Monday, November 12, 2007

cut

I'd like the preface this by saying that I didn't set out with the intention of looking up info or videos on cutting tonight, it just kinda happened. That being said, I'm glad it happened.

I was watching videos on youtube when I followed a link to another video that ended up being about cutting. It was a great informative video for anyone who doesn't really know what cutting is about, but it also had some very graphic photos. In one scene it said something about how some cuts may be shallow (and showed pictures), and I recognized that thats where I stand on the spectrum. Then it said that some cuts may be deeper, and deeper still, and showed photo examples of each. I'm not really a squeamish person, I clean up blood and vomit for a living, I'm not disturbed by gory movies, but one thing that I am really squeamish about is cutting, go figure. I actually had to look away. It made me realize that I'm not as bad as I could get, and that I really don't want to get that bad. It made me want to stop, instead of making me want to cut like I was worried about when I saw the "trigger warning" label on the video. I watched another couple videos, one with the song Cut by Plumb in it. I looked up the lyrics afterwards with the intention of posting it here, but really theres only a couple lines that I really like from it.

I may seem crazy
Or painfully shy
And these scars wouldn't be so hidden
If you would just look me in the eye
I feel alone here and cold here
Though I don't want to die
But the only anesthetic that makes me feel anything kills inside
I do not want to be afraid
I do not want to die inside just to breathe in
I'm tired of feeling so numb
Relief exists I find it when
I am cut
Pain
I am not alone
I am not alone
In the video that was informative, there were also some good points, something that I think a lot of people do not understand at all. I don't remember the specific wording, but it went something like this:
When you cut, your body releases natural horomones called endorphins, which gives you a happy feeling buzz. When done often, cutting can become addictive, because you become addicted to the happy feeling. It is a physical, psychological and emotional addiction, like drugs or alcohol.
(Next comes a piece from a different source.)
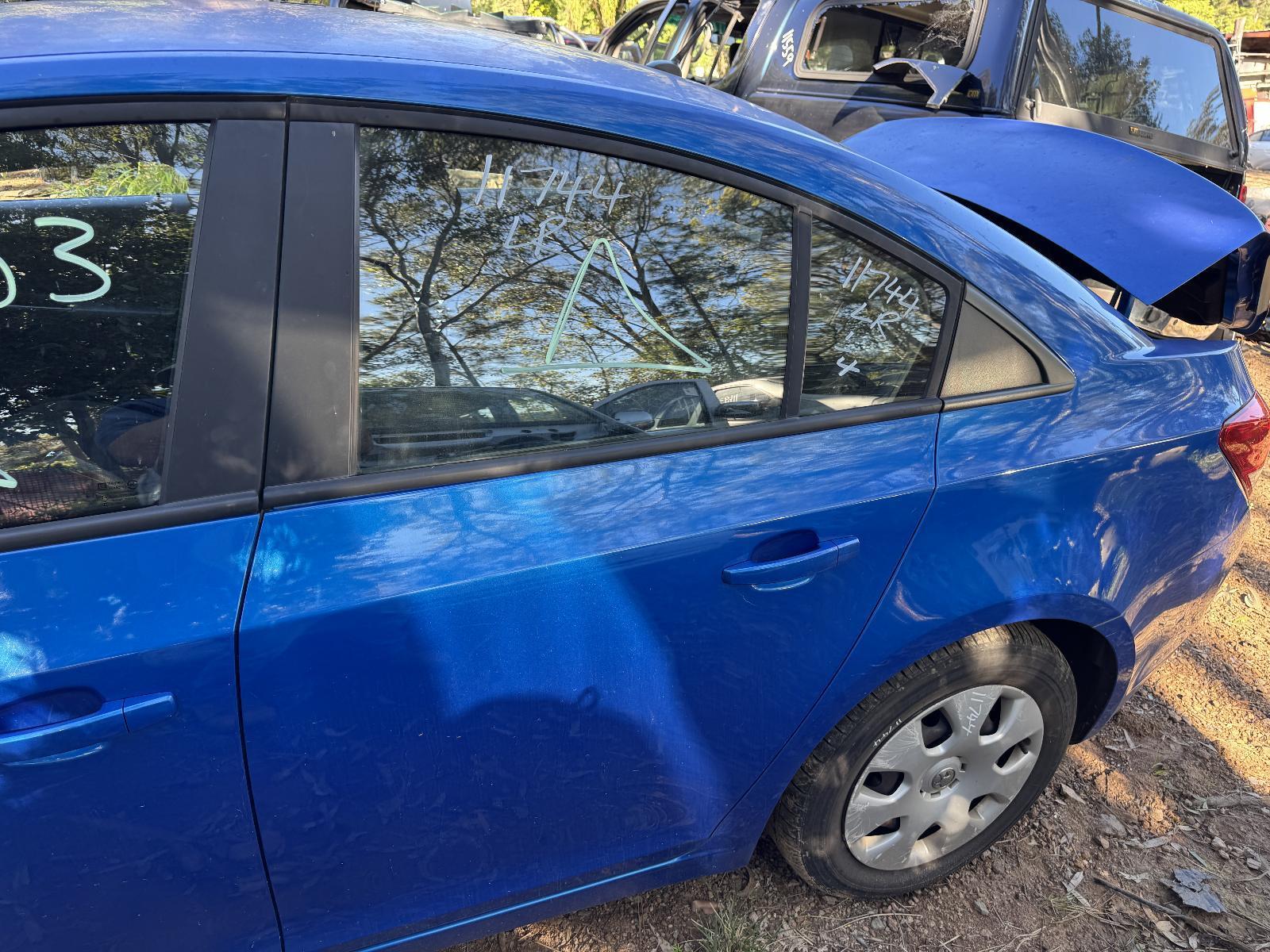 View Auto part Left Rear Door/Sliding HOLDEN CRUZE 2011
Lastly, I watched this video.
It's long, about 20 minutes, but it is so good. Its just a girl talking, akin to an online journal, but she makes a lot of very very good points, and she's pretty to boot. Her video is about a boy that she knows and how he self-injures and was called out about it at a party in front of everyone, and her reaction to it. I know its long and no one really wants to sit through it, but she talks about a lot of the things I'm thinking and feeling. I'd really really recommend watching it if you want to understand at all. That goes for anyone reading this. If you want to know how its relevant to me, pay special attention to the parts about how friends react, preaching, how the world sees it, how it makes people who do self-injure react when they're called out about it, SI vs suicide and pretty much the entire last 5 minutes when she starts to become angry.
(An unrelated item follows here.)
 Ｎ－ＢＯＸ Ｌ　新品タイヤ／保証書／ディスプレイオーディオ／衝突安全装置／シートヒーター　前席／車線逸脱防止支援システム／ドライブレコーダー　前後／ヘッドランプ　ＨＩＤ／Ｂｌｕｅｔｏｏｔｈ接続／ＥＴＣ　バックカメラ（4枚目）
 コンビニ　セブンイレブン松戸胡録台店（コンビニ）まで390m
If after watching it you decide you're just never going to talk to me about it again, rethink it. I am more than happy to sit down with any of you and have a conversation about why I do it and what it means to me, but know that threatening me and simply telling me I have to get help, it doesn't work. I will be perfectly happy to talk until you become irrational or panicky.
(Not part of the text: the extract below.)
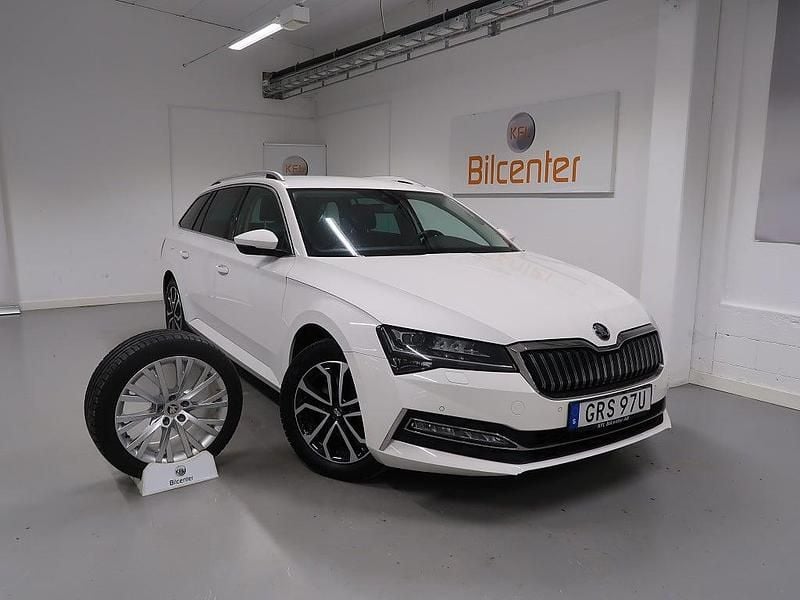 Begagnad Skoda Superb Style 218 HK (160 kW) 2021 Vit Kombi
Along those lines, the Theraputic Communication center still hasn't called me back, and this desire of mine to get help is fading quickly. That's not to say I want to cut, it just means I don't exactly fancy the idea of dredging up memories and feelings that are just starting to settle again. The water is pretty clear now after this past weekend, no sense in making it murky again.
Please, watch the video, preferably alone. I want so much for you to understand.